REQUIRED ACTION:
Give again, exactly, every line of the entries below from the one that has "Miss Selfridge - Mix" to the last.

------

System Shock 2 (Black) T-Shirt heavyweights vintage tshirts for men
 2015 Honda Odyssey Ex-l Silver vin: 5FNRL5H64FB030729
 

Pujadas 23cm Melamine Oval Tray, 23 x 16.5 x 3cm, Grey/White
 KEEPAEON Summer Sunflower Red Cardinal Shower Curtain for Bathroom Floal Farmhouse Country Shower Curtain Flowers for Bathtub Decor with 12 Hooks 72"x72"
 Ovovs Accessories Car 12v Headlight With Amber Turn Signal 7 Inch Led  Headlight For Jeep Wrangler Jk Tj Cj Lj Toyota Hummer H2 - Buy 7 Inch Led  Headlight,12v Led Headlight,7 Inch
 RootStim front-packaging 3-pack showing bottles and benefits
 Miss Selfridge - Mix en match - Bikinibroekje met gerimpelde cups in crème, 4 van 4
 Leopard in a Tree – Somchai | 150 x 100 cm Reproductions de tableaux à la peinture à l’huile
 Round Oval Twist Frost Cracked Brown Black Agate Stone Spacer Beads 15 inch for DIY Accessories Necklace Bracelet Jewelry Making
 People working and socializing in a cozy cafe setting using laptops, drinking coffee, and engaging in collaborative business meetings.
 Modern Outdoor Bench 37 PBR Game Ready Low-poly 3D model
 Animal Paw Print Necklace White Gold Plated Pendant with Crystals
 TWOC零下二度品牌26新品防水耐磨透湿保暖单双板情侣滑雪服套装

------

ANSWER FOR THE TASK:
 Miss Selfridge - Mix en match - Bikinibroekje met gerimpelde cups in crème, 4 van 4
 Leopard in a Tree – Somchai | 150 x 100 cm Reproductions de tableaux à la peinture à l’huile
 Round Oval Twist Frost Cracked Brown Black Agate Stone Spacer Beads 15 inch for DIY Accessories Necklace Bracelet Jewelry Making
 People working and socializing in a cozy cafe setting using laptops, drinking coffee, and engaging in collaborative business meetings.
 Modern Outdoor Bench 37 PBR Game Ready Low-poly 3D model
 Animal Paw Print Necklace White Gold Plated Pendant with Crystals
 TWOC零下二度品牌26新品防水耐磨透湿保暖单双板情侣滑雪服套装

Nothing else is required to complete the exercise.